Wie alle anderen Lebewesen sind Menschen aus evolutionsbiologischer Sicht auf Risikoerleben ausgelegt, wie es in der westlichen Welt heutzutage fehlt. Wo Hungersnot, wilde Tiere und Klimabedingungen das Überleben nicht bedrohen, entwickeln Menschen laut der Maslowschen Bedürfnispyramide natürlicherweise die Sehnsucht nach neuen Herausforderungen, die als solche immer Risiken tragen.

Intensiv leben kann deshalb nur, wer aus dem Halbschlaf erwacht und außerhalb der eigenen Komfortzone Risiken eingeht. Je wacher du durch dein Leben gehst, desto intensiver erlebst du es sekündlich und desto mehr Möglichkeiten erkennst du.

 

Unterbewusstsein programmieren: So nimmst du intensiver wahr

Pro Sekunde umgeben dich etwa 40 Milliarden Bit an Umgebungsinformationen, von denen deine Sinnesorgane rund 20 Millionen aufnehmen. In Form von Lauten, Gerüchen und Bildern erreichen davon pro Sekunde nur 40 Bit dein Bewusstsein. Dein Unterbewusstsein filtert zum Schutz vor Überlastung Millionen an Sinneseindrücken aus, wodurch du jeden Moment weniger intensiv erlebst als eigentlich möglich.

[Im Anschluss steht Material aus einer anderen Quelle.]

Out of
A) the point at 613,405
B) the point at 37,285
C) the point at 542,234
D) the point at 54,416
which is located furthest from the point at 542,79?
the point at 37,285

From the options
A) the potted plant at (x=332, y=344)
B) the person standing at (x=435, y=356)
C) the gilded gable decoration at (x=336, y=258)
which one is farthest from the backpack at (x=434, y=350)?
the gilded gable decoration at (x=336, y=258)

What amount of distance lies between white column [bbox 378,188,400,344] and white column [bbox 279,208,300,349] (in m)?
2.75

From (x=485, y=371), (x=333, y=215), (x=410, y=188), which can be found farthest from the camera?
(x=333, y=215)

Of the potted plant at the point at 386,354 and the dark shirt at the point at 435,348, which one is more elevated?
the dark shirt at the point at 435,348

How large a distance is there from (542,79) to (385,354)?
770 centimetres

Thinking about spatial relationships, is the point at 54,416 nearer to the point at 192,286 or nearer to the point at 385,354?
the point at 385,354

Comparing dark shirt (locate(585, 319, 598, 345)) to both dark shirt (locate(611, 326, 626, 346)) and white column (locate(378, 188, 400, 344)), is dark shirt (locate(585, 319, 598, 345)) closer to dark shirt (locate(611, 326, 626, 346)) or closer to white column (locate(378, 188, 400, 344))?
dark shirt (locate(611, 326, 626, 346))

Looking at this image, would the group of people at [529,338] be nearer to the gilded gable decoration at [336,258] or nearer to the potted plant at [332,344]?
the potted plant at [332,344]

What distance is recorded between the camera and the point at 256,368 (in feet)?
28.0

Indem du dir die ständige Bewertung von Sinneseindrücken abgewöhnst und dich unvoreingenommen auf die Umgebungsreizvielfalt konzentrierst, erweiterst du deine Wahrnehmungsfähigkeit. Statt einfach nur zu funktionieren und geistesabwesend zu reagieren, gewöhnst du dir über Konzentrationsübungen schrittweise den Autopiloten ab. Regelmäßige Atemmeditation hilft dir, Bewusstsein und Unterbewusstsein einem Achtsamkeitszustand anzunähern.

Fortan konzentrierst du dich in jeder Sekunde wieder neu auf den gegenwärtigen Moment und lässt Stimmungen oder Gedanken an dir vorbeiziehen wie wechselhaftes Wetter. Auf diese Weise erlebst du dein Leben nicht nur intensiver, sondern erkennst Möglichkeiten, die sich deiner bisherigen Wahrnehmung entziehen. Riskiere mehr für die richtigen Dinge, indem du dich selbst besser kennenlernst und Momenten zugleich so offen gegenübertrittst wie ein Kind.